If that isn't a red flag I don't know what is. As I stated much earlier in this thread there should just be a sticky for the established restorers who are not afraid to post examples of their work.Restoring a bicycle correctly can take as many hours researching as actually working on the bike. V/r Shawn


----------



## Nickinator (Jun 16, 2014)

Shawn, I wish you were a moderator/admin  You could take care of nonsense like this.

Darcie


----------



## Freqman1 (Jun 16, 2014)

Nickinator said:


> Shawn, I wish you were a moderator/admin  You could take care of nonsense like this.
> 
> Darcie




Thanks Darcie but the mods here have a thankless job and do a pretty good job of policing stuff up. This is one of those that takes care of itself. I can't see much business being generated if you fail to respond to requests or provide examples (bicycles) of your work. V/r Shawn


----------



## wspeid (Jun 16, 2014)

I've always said there are 4 kinds of people to do business with...
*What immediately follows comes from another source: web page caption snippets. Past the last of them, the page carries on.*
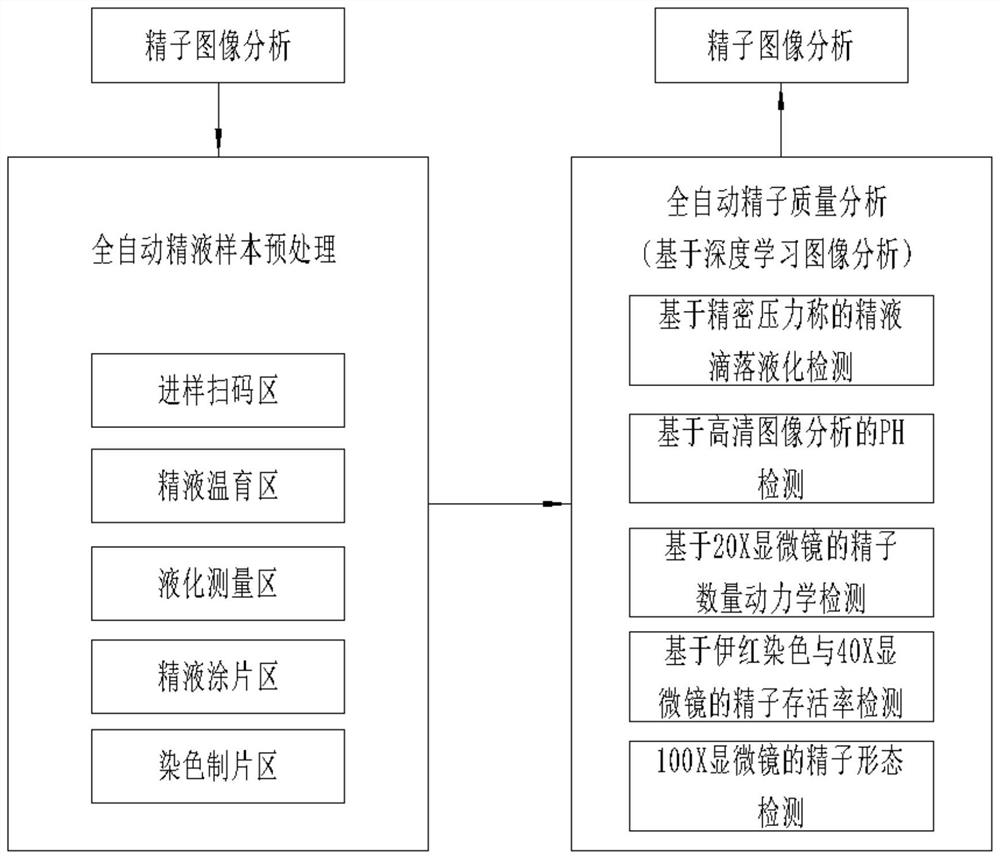 Full-automatic computer-assisted semen quality analysis system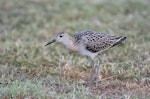 Ruff. Non-breeding adult. Hawai`i - Island of Kaua`i, September 2005. Image © Jim Denny by Jim Denny.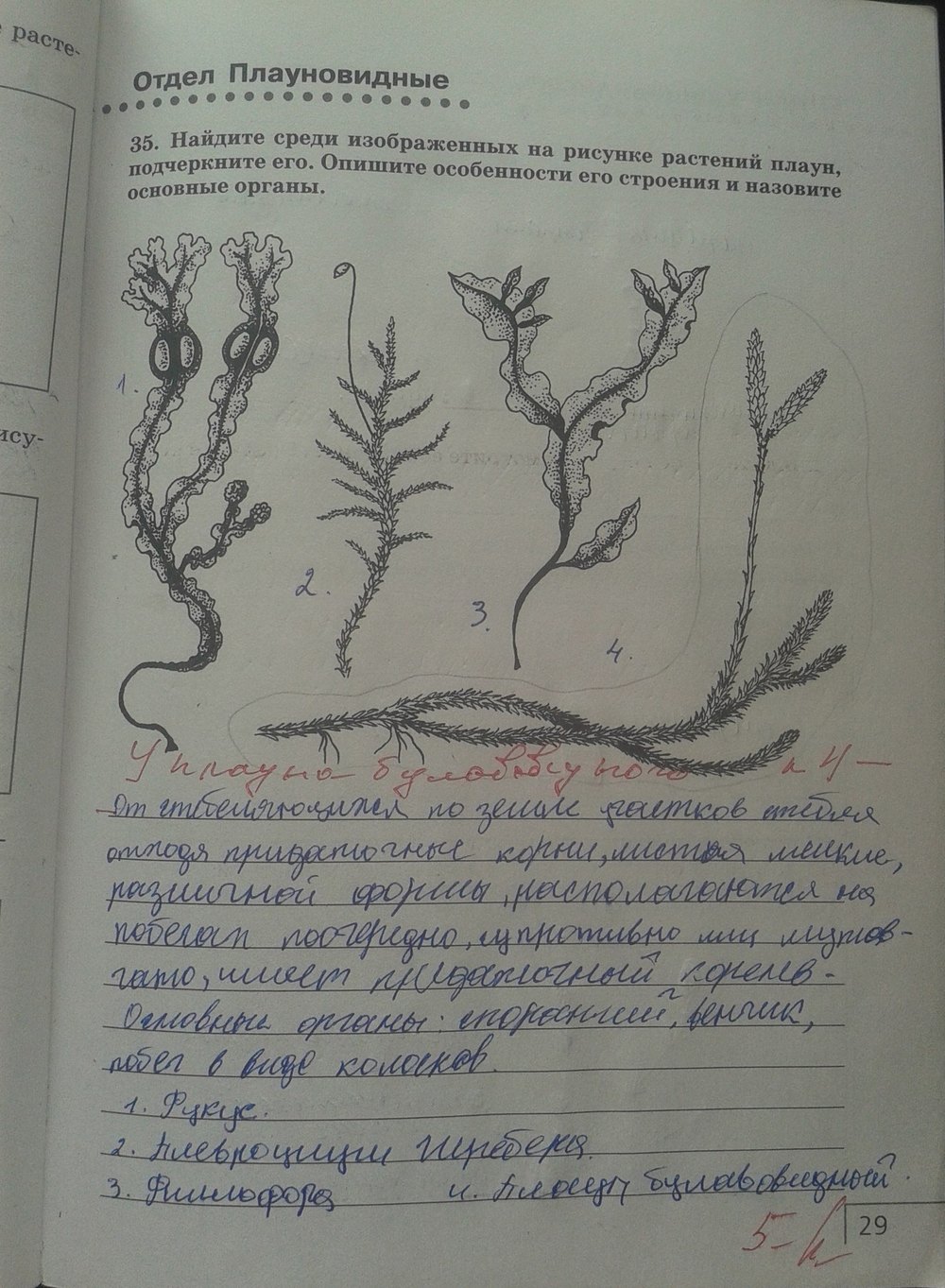 Рабочая тетрадь. Многообразие живых организмов, 7 класс, Захаров, Сонин, 2016, задача: стр. 29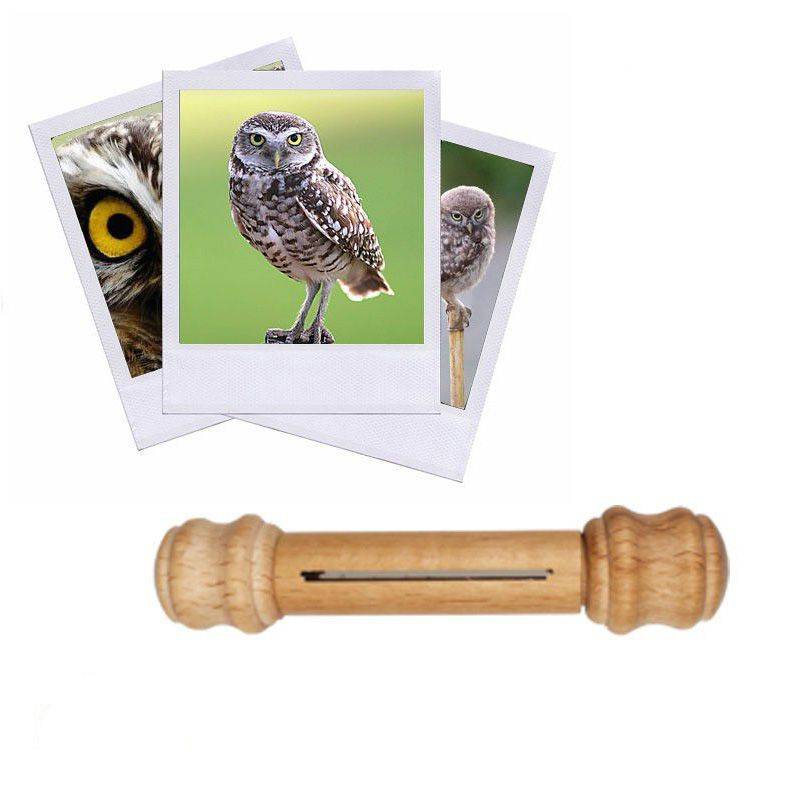 Appeau Chouette Cheveche Sifflet Chant Oiseau 100 Made In France Appeau Chouette Cheveche Sifflet Chant Oiseau 100 Made In France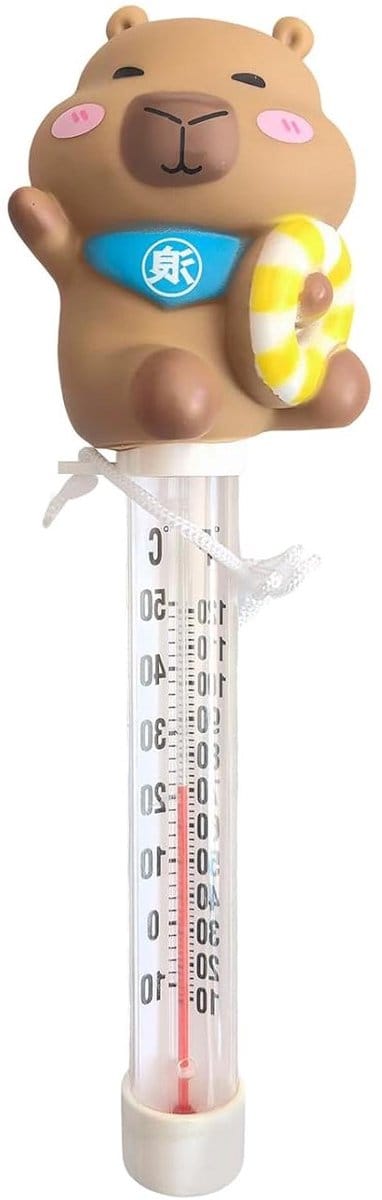 Watermeter Zwembad - Temperatuurmeter Spa - Waterkwaliteit Meten - Duidelijk Afleesbaar - 23 Centimeter - Meerkleurig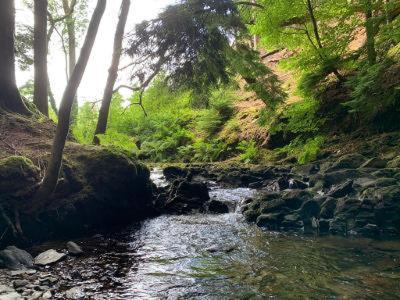 Wild Coastal Retreat At Troed Y Rhiw Aberporth, West Wales Aberporth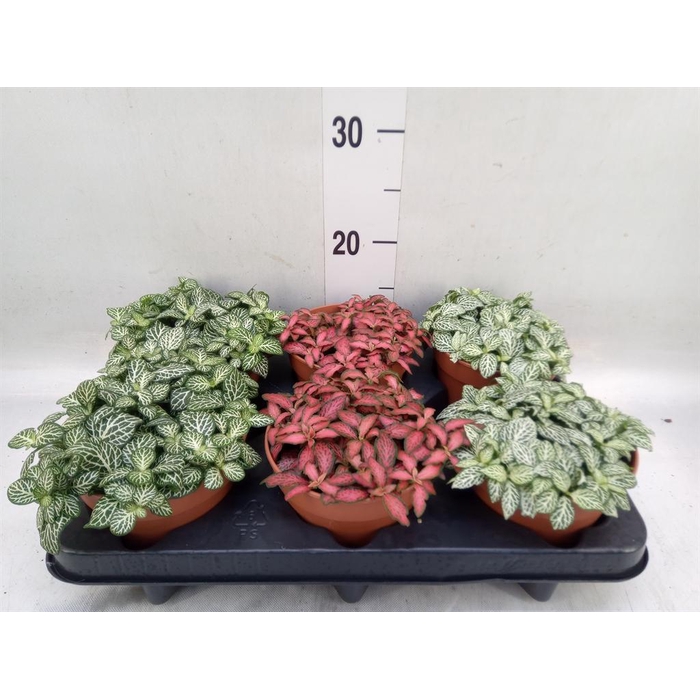 <h4>Fittonia   ...mix</h4>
- people known to do great work and be great to work with
- people known to do great work but who are miserable to deal with
- people whose work isn't proven to be the greatest but they're super nice and will go the extra mile for you.
- people whose work isn't proven and who are miserable to deal with

I avoid category 4 at all cost, especially if it means sending them a possession I value.


----------